A British ammunition column during World War I, circa 1915

A British ammunition column during World War I, circa 1915

For a moment, the vehicle was motionless, as if frozen in time. Then a man stepped forward from the pavement — thin, frail and shabbily dressed, with an unblinking stare. It was Gavrilo Princip. Scarcely believing his luck, he took out his pistol and fired two shots. Sophie was hit in the abdomen; Franz Ferdinand in the neck. As his wife slumped at his side, the Archduke whispered: ‘Sophie, Sophie, don’t die. Stay alive for our children!’

News of the murders flashed around the world, setting in train the events that led to war.

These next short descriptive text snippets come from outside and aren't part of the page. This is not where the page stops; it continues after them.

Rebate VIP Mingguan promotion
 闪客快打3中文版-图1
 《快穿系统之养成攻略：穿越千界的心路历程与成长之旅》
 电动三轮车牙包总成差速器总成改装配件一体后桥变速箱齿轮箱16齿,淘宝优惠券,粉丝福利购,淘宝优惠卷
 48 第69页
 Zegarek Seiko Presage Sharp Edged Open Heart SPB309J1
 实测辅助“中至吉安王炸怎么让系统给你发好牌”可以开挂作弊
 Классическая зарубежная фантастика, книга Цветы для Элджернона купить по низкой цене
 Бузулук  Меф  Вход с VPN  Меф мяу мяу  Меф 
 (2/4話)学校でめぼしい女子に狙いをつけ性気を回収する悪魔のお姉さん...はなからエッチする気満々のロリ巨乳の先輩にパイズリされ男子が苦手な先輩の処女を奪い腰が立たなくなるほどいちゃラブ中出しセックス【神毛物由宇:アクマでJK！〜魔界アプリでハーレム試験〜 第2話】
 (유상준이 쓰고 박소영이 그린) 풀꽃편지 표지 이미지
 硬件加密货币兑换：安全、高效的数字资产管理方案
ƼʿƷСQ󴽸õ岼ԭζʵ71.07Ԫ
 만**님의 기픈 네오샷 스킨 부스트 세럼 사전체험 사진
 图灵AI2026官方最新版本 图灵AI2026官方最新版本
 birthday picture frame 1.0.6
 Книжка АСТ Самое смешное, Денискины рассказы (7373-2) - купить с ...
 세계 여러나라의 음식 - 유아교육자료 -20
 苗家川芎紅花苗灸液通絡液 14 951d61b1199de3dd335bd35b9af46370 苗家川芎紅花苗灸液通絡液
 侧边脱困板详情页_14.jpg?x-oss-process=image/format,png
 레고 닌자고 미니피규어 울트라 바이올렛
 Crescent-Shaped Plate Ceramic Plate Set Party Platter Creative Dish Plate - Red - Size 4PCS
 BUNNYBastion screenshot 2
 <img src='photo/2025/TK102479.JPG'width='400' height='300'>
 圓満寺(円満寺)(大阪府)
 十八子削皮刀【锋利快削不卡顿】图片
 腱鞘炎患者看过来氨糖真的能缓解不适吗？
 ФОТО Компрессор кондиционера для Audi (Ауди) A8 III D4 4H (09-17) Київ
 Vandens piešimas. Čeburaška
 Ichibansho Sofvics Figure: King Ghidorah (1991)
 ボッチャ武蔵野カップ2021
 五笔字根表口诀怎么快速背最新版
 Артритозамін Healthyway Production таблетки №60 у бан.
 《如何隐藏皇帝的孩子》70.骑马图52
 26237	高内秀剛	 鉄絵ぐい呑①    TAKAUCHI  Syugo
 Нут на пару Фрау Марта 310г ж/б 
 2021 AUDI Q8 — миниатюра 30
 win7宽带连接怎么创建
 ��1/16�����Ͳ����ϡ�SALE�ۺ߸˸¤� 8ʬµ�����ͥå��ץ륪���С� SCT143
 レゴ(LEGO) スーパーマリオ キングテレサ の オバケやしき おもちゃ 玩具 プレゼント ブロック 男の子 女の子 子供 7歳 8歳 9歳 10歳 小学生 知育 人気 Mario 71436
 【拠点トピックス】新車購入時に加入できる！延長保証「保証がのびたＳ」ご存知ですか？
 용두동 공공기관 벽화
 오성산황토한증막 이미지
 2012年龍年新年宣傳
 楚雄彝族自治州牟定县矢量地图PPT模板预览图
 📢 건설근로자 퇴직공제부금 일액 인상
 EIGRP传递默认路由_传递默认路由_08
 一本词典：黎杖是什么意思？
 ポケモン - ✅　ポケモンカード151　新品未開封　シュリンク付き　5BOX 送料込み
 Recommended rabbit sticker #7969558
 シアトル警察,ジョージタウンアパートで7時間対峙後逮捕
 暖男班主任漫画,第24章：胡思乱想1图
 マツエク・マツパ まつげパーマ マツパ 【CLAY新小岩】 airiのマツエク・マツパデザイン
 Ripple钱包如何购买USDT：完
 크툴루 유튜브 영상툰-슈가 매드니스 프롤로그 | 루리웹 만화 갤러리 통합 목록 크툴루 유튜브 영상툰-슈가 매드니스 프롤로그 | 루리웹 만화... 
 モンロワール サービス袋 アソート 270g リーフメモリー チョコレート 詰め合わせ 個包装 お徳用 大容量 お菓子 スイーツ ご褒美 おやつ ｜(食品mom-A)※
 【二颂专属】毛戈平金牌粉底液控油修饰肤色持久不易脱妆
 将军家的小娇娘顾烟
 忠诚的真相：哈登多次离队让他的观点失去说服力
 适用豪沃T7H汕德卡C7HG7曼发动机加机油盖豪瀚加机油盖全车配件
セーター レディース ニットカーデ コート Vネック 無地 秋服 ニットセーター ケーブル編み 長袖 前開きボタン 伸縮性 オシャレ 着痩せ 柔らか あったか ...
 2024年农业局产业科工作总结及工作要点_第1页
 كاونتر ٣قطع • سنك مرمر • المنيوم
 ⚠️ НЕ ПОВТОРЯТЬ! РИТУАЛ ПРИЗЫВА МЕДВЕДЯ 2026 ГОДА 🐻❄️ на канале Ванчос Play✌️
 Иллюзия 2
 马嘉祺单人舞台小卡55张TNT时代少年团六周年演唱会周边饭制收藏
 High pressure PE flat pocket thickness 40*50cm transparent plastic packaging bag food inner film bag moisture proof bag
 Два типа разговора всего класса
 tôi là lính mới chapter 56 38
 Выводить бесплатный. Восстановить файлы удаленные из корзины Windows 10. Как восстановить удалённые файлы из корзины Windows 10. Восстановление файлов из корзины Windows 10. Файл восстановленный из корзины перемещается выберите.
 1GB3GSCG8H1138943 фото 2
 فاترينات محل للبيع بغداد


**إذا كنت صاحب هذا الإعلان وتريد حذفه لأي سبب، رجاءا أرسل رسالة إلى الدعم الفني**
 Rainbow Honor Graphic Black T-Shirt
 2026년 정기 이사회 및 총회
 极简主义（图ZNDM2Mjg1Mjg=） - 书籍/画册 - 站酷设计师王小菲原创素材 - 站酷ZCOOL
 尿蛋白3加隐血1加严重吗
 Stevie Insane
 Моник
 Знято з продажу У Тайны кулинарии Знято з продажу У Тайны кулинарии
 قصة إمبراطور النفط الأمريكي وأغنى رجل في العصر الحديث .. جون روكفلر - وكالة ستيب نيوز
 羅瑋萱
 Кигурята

After rounding up Princip and his friends, the Austrians decided on military reprisals. Not unreasonably, their generals held Serbia responsible.

For years Serbia’s politicians had whipped up anti-Austrian sentiment, and Princip’s gang had been encouraged and armed by Serbian intelligence agents.

Now, it was time to teach Serbia a lesson.

There was, however, an obvious problem.

If Austria declared war, Serbia would undoubtedly appeal to its most powerful protector, the eastern colossus of tsarist Russia.

So, a week after Franz Ferdinand’s murder, on Sunday, July 5, two men had lunch in Berlin. One was the Austrian ambassador. The other was perhaps the most powerful man in Europe: Kaiser Wilhelm II, Emperor of Germany.

Later, Allied propaganda painted Wilhelm as a blood-crazed monster. In fact, he was simply bumptious and insecure.

At Wilhelm’s birth almost 60 years earlier, the doctors had accidentally torn the nerves in his neck. His left arm was crippled and useless, and as a child he suffered from agonising earaches.

His mother Vicky — a daughter of Queen Victoria — treated him like a freak, and he never got over it. Even after becoming Kaiser in 1888, he remained hot-tempered, needy and desperate for attention.

On the international stage, Wilhelm cut a ridiculous figure, forever fuming at his British relatives. ‘The English,’ he said bitterly, ‘will be brought low some day!’